== Work instruction ==
Each record should be set down again so that it matches the original exactly.

(Dataset entries)
╭──
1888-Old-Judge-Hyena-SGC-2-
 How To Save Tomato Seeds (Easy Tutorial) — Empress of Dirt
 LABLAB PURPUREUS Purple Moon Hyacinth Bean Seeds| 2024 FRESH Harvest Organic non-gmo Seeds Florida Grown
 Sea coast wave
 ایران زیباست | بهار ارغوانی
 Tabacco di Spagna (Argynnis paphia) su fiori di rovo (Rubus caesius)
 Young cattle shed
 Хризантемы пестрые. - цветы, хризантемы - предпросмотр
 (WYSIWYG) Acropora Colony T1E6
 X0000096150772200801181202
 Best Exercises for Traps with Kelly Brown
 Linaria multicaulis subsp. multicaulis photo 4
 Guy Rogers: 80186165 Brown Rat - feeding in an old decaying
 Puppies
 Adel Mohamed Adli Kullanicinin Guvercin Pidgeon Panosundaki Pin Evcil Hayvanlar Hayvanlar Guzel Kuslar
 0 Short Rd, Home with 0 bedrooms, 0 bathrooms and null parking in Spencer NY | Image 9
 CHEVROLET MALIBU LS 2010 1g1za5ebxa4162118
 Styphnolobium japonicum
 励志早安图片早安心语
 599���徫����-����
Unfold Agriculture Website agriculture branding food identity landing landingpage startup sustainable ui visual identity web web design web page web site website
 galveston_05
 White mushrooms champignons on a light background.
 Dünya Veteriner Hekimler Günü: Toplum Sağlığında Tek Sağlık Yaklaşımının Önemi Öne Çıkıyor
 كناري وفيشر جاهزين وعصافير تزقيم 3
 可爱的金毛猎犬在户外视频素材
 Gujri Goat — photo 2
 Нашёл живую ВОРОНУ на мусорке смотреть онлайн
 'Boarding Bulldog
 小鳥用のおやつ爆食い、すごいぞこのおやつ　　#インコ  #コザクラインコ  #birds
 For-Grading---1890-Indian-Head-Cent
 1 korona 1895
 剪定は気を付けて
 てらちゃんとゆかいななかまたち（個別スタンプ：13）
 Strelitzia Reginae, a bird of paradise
╰──
== Finished task ==
1888-Old-Judge-Hyena-SGC-2-
 How To Save Tomato Seeds (Easy Tutorial) — Empress of Dirt
 LABLAB PURPUREUS Purple Moon Hyacinth Bean Seeds| 2024 FRESH Harvest Organic non-gmo Seeds Florida Grown
 Sea coast wave
 ایران زیباست | بهار ارغوانی
 Tabacco di Spagna (Argynnis paphia) su fiori di rovo (Rubus caesius)
 Young cattle shed
 Хризантемы пестрые. - цветы, хризантемы - предпросмотр
 (WYSIWYG) Acropora Colony T1E6
 X0000096150772200801181202
 Best Exercises for Traps with Kelly Brown
 Linaria multicaulis subsp. multicaulis photo 4
 Guy Rogers: 80186165 Brown Rat - feeding in an old decaying
 Puppies
 Adel Mohamed Adli Kullanicinin Guvercin Pidgeon Panosundaki Pin Evcil Hayvanlar Hayvanlar Guzel Kuslar
 0 Short Rd, Home with 0 bedrooms, 0 bathrooms and null parking in Spencer NY | Image 9
 CHEVROLET MALIBU LS 2010 1g1za5ebxa4162118
 Styphnolobium japonicum
 励志早安图片早安心语
 599���徫����-����
Unfold Agriculture Website agriculture branding food identity landing landingpage startup sustainable ui visual identity web web design web page web site website
 galveston_05
 White mushrooms champignons on a light background.
 Dünya Veteriner Hekimler Günü: Toplum Sağlığında Tek Sağlık Yaklaşımının Önemi Öne Çıkıyor
 كناري وفيشر جاهزين وعصافير تزقيم 3
 可爱的金毛猎犬在户外视频素材
 Gujri Goat — photo 2
 Нашёл живую ВОРОНУ на мусорке смотреть онлайн
 'Boarding Bulldog
 小鳥用のおやつ爆食い、すごいぞこのおやつ　　#インコ  #コザクラインコ  #birds
 For-Grading---1890-Indian-Head-Cent
 1 korona 1895
 剪定は気を付けて
 てらちゃんとゆかいななかまたち（個別スタンプ：13）
 Strelitzia Reginae, a bird of paradise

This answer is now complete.